Work item: Until the line containing "cm – poza 4" has been reproduced, keep reproducing each line of the material below exactly, starting with the first.

◇ ◇ ◇

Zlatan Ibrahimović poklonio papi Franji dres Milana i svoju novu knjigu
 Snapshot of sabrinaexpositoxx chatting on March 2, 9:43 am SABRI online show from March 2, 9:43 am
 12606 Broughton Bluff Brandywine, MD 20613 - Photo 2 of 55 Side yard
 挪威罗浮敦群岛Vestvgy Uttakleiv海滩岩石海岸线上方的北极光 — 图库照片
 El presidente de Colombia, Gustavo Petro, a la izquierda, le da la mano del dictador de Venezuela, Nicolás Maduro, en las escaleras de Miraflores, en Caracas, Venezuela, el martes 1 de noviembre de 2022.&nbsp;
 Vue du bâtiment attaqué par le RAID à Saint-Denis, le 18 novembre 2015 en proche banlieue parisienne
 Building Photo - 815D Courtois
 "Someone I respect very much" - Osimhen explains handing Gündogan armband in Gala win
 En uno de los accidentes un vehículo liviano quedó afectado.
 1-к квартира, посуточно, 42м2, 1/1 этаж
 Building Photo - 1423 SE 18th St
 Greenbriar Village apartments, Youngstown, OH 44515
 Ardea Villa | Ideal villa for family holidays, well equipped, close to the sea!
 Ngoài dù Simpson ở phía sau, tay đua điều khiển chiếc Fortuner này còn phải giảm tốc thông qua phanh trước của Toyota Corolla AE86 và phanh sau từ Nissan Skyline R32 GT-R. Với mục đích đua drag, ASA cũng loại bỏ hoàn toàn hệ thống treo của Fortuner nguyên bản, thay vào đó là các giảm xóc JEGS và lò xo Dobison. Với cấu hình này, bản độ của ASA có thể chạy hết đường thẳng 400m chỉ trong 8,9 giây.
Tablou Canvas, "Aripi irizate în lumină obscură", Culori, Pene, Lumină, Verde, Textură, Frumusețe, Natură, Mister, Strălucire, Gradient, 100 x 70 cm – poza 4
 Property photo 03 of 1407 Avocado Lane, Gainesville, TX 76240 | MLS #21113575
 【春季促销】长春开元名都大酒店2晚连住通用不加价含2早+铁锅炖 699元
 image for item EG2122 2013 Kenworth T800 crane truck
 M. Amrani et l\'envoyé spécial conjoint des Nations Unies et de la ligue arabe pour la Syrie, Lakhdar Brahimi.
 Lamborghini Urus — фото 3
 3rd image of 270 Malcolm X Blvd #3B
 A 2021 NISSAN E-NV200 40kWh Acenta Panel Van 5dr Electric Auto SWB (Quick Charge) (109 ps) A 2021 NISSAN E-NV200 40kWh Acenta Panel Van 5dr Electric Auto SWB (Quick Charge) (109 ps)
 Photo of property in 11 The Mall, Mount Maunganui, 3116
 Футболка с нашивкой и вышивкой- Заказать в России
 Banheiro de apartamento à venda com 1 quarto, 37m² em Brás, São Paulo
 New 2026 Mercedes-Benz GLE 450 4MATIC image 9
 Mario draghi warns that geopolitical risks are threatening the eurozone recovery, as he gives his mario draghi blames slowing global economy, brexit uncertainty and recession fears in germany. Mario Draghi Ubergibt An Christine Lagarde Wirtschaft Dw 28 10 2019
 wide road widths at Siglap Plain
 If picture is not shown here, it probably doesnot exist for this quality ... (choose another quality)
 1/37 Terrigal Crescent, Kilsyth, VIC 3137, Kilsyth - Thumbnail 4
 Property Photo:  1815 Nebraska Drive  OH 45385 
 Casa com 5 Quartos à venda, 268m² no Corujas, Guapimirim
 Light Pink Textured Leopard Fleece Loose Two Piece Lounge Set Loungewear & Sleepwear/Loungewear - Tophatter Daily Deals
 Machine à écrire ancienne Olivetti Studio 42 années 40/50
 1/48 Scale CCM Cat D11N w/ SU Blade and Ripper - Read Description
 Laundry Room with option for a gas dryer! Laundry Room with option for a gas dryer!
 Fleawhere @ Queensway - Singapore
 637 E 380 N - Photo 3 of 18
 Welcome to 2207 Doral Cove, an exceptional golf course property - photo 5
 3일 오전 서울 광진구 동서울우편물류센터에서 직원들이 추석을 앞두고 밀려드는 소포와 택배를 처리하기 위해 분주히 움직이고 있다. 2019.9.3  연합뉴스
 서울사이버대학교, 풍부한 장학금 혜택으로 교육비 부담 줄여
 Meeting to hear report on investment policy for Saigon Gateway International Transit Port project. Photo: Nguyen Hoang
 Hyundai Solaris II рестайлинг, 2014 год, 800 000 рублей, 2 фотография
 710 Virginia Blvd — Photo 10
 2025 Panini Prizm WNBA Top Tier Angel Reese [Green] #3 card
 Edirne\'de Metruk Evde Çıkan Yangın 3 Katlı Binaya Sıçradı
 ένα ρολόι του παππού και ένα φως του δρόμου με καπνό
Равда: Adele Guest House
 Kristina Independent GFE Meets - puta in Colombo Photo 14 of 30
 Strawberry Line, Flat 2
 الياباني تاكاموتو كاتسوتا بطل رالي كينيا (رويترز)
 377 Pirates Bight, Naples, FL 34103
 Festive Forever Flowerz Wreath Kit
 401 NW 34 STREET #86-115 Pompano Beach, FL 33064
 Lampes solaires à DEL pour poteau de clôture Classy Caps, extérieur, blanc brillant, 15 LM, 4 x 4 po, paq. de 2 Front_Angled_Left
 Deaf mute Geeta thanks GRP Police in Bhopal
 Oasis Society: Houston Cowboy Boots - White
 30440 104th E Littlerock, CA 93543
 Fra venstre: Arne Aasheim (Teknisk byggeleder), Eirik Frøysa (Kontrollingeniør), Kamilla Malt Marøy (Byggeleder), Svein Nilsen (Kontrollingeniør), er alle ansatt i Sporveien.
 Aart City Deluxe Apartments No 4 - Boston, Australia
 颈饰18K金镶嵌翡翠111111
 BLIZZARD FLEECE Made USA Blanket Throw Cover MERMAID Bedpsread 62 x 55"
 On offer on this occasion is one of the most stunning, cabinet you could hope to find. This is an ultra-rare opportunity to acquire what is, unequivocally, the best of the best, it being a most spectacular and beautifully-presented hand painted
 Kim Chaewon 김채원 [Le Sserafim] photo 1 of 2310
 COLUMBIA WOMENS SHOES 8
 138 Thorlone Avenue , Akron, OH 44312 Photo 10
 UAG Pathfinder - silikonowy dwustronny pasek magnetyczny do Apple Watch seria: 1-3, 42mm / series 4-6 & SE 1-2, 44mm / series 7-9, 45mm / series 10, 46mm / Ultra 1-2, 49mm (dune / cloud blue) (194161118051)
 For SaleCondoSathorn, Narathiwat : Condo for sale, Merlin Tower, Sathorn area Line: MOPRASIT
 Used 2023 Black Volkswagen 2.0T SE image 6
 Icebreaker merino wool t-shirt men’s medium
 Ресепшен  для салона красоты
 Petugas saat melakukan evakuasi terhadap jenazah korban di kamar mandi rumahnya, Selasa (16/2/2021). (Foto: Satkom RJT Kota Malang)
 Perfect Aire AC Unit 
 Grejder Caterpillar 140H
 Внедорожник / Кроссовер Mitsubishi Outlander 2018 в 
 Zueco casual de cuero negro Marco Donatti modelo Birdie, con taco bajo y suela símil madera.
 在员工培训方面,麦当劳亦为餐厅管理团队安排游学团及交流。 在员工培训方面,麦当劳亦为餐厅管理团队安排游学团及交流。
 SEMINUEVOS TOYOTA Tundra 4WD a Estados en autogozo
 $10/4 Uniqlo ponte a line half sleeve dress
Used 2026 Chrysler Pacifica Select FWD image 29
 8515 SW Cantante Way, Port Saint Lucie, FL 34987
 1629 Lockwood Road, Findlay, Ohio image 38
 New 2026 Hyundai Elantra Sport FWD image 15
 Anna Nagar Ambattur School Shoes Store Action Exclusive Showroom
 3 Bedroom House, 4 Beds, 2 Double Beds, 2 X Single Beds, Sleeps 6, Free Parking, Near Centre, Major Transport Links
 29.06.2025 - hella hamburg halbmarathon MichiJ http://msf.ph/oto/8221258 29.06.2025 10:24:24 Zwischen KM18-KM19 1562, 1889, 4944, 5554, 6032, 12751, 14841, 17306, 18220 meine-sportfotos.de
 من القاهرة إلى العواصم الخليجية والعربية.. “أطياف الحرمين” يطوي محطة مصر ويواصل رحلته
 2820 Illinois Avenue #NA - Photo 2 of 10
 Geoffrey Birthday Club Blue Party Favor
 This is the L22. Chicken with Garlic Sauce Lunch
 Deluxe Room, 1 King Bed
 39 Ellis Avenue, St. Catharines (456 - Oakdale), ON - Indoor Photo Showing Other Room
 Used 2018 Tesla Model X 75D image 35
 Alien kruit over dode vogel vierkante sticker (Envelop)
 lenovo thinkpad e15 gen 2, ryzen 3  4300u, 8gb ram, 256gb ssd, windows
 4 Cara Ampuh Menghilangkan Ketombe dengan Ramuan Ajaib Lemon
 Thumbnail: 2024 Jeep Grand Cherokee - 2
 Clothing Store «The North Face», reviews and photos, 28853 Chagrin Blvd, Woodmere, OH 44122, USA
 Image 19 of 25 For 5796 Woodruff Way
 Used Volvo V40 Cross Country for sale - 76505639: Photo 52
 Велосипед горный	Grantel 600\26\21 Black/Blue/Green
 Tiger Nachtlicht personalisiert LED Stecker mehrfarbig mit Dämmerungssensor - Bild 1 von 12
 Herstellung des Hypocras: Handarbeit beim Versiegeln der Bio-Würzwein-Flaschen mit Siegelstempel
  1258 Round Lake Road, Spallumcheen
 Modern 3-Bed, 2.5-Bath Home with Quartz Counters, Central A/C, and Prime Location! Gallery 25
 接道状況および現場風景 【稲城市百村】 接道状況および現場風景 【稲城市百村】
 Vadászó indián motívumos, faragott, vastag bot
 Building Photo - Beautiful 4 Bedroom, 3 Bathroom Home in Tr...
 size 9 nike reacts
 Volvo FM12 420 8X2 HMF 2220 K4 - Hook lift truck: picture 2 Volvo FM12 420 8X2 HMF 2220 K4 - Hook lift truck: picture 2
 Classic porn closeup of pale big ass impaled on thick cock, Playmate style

◇ ◇ ◇

Task result:
Zlatan Ibrahimović poklonio papi Franji dres Milana i svoju novu knjigu
 Snapshot of sabrinaexpositoxx chatting on March 2, 9:43 am SABRI online show from March 2, 9:43 am
 12606 Broughton Bluff Brandywine, MD 20613 - Photo 2 of 55 Side yard
 挪威罗浮敦群岛Vestvgy Uttakleiv海滩岩石海岸线上方的北极光 — 图库照片
 El presidente de Colombia, Gustavo Petro, a la izquierda, le da la mano del dictador de Venezuela, Nicolás Maduro, en las escaleras de Miraflores, en Caracas, Venezuela, el martes 1 de noviembre de 2022.&nbsp;
 Vue du bâtiment attaqué par le RAID à Saint-Denis, le 18 novembre 2015 en proche banlieue parisienne
 Building Photo - 815D Courtois
 "Someone I respect very much" - Osimhen explains handing Gündogan armband in Gala win
 En uno de los accidentes un vehículo liviano quedó afectado.
 1-к квартира, посуточно, 42м2, 1/1 этаж
 Building Photo - 1423 SE 18th St
 Greenbriar Village apartments, Youngstown, OH 44515
 Ardea Villa | Ideal villa for family holidays, well equipped, close to the sea!
 Ngoài dù Simpson ở phía sau, tay đua điều khiển chiếc Fortuner này còn phải giảm tốc thông qua phanh trước của Toyota Corolla AE86 và phanh sau từ Nissan Skyline R32 GT-R. Với mục đích đua drag, ASA cũng loại bỏ hoàn toàn hệ thống treo của Fortuner nguyên bản, thay vào đó là các giảm xóc JEGS và lò xo Dobison. Với cấu hình này, bản độ của ASA có thể chạy hết đường thẳng 400m chỉ trong 8,9 giây.
Tablou Canvas, "Aripi irizate în lumină obscură", Culori, Pene, Lumină, Verde, Textură, Frumusețe, Natură, Mister, Strălucire, Gradient, 100 x 70 cm – poza 4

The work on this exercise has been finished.